Ophuls seems uniquely qualified to make this film, which required interviews in German, French and English, all three of which he speaks fluently and colloquially. The son of famed German film director Max Ophuls, he was born in Germany in 1928, moved with his family to France in 1934 and fled with them to the United States in 1941 as the Germans attacked. He attended Hollywood High School during the war. Because of his father, he knew all of the great film makers of the generation. “Ophuls (Marcel), French film maker of German origin,” says the Dictionary of Cinema, “Even more than his father, Ophuls is an eternal exile. Astride three cultures, he divides his time between the three countries, judging each with the critical eye of the two others. This uncomfortable condition, paradoxically, permits him his remarkable work.”
Ophuls’ technique in “Hotel Terminus"--the name of the hotel that contained Gestapo headquarters--is what he calls the Columbo concept, after Peter Falk’s detective character in the NBC-TV series that was even more popular in France than in the United States.
“What interested me in ‘Hotel Terminus,’ ” Ophuls told a French magazine interviewer, “was the dramatic structure.
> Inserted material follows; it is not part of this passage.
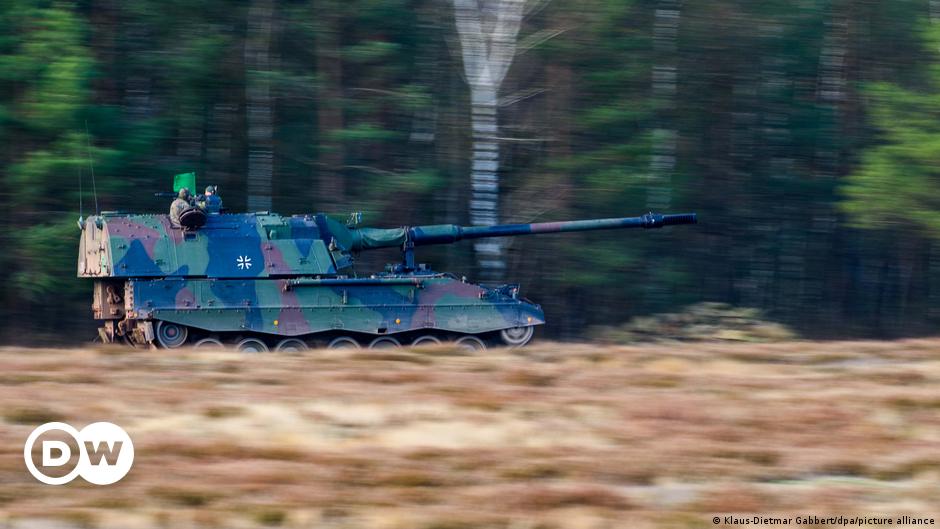 Ukraine aktuell: Deutschland liefert Ukraine sieben Panzerhaubitzen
It is a detective story in which the guilty person is already known: the Columbo principle.”
Like Falk’s Columbo, Ophuls bumbles and fumbles his way through interrogations. He wears his hotel bathrobe to interview Barbie’s Bolivian bodyguard. When a German man slams a door in his face, Ophuls mutters a rather jolly “Merry Christmas.” At one point in the film, he wanders through a farm field playfully interviewing plants and tools.
The music in the film is an equally strange mix, ranging from a German version of the Communist Internationale to Fred Astaire singing “Pick Yourself Up” to the Vienna Boys Choir’s version of “Joy to the World.”
In the interview, Ophuls said the film’s music and humor were a reflection of his increasing pessimism. Compared to “Hotel Terminus,” he said, “The Sorrow and the Pity” was upbeat because of the heroism of the Resistance fighters.
“I am more pessimistic and angry now,” the film maker said. “The joking and the humor and the sarcasm, I think, to a large extent was a defense mechanism.”